━━━ Records provided ━━━

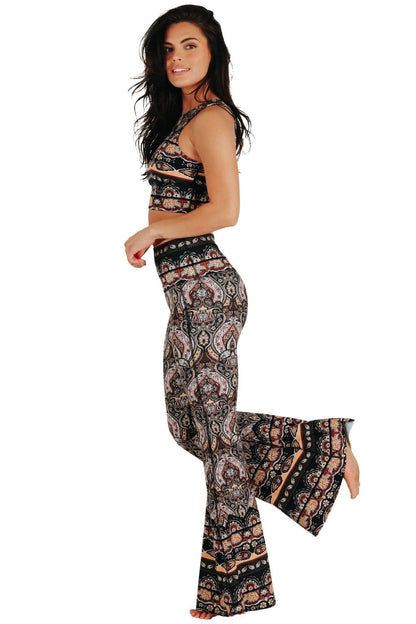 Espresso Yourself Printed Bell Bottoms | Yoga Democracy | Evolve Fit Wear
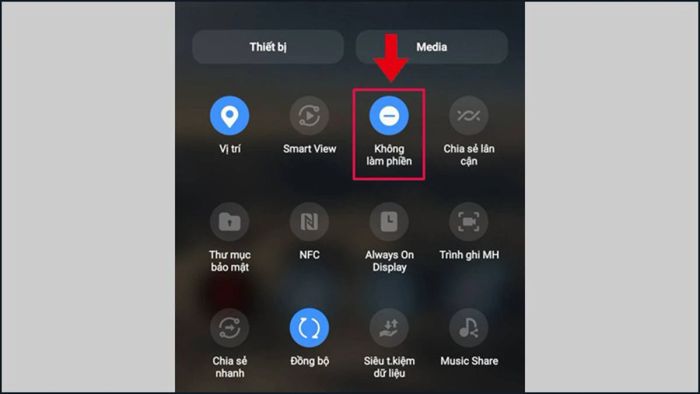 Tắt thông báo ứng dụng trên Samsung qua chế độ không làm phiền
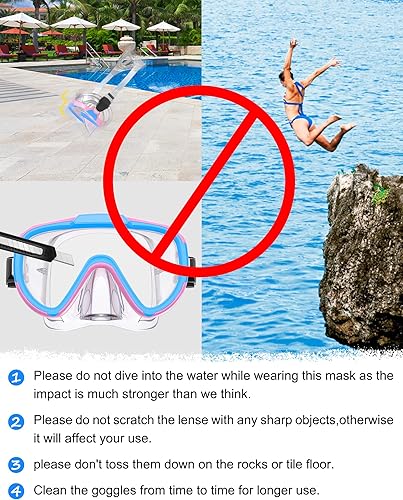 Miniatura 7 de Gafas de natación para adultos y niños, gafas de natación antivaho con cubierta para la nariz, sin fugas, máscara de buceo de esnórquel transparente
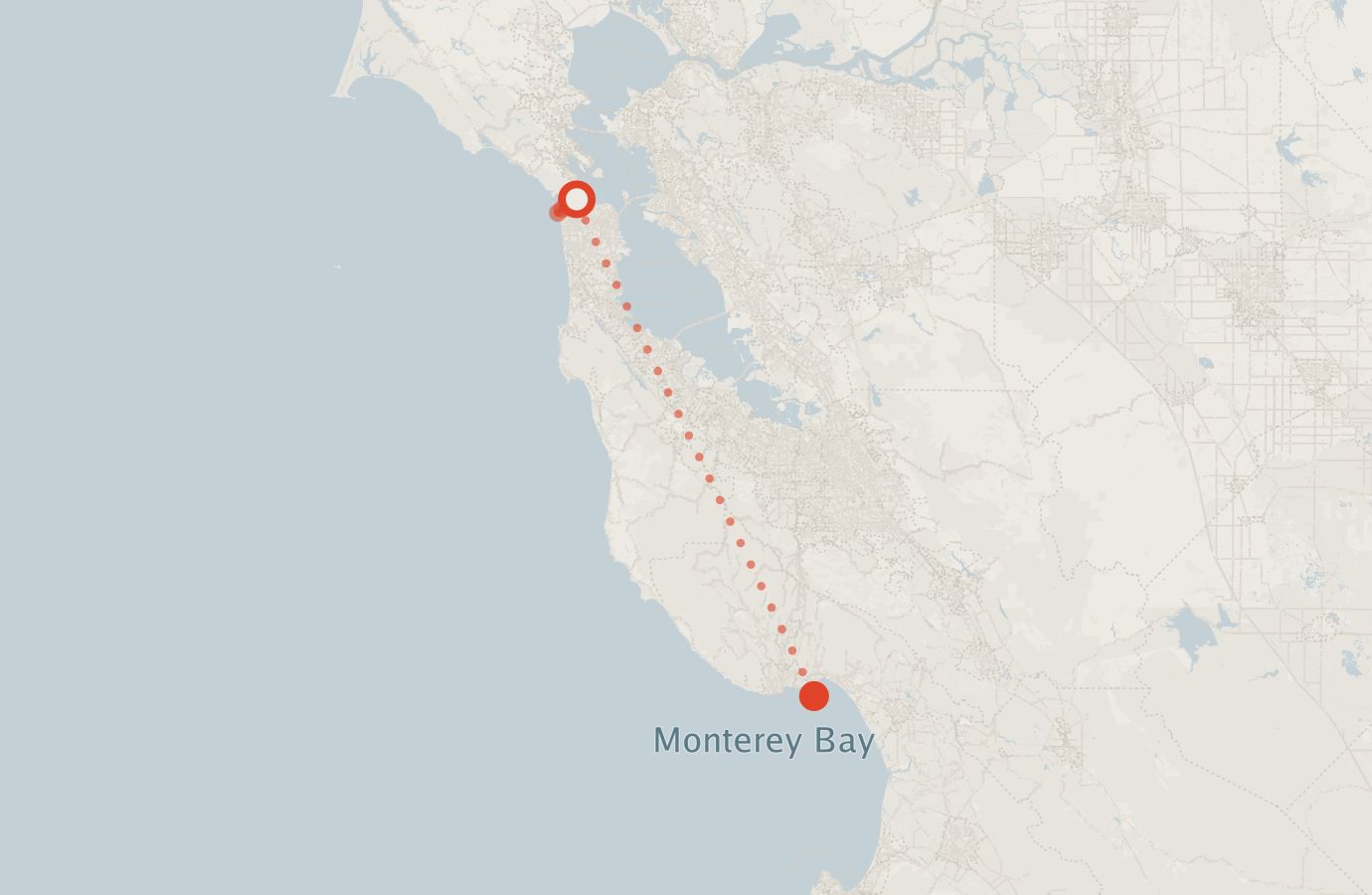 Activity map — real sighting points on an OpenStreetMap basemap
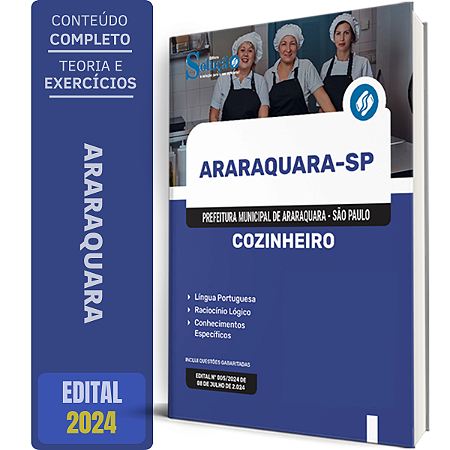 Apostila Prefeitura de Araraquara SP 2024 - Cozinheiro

━━━

## [Activity]
Return only the part above that opens with the line containing "Tắt thông báo" and closes with the line containing "Activity map —", exactly and with both ends, skipping the pictures.

## [Problem solution]
 Tắt thông báo ứng dụng trên Samsung qua chế độ không làm phiền
 Miniatura 7 de Gafas de natación para adultos y niños, gafas de natación antivaho con cubierta para la nariz, sin fugas, máscara de buceo de esnórquel transparente
 Activity map — real sighting points on an OpenStreetMap basemap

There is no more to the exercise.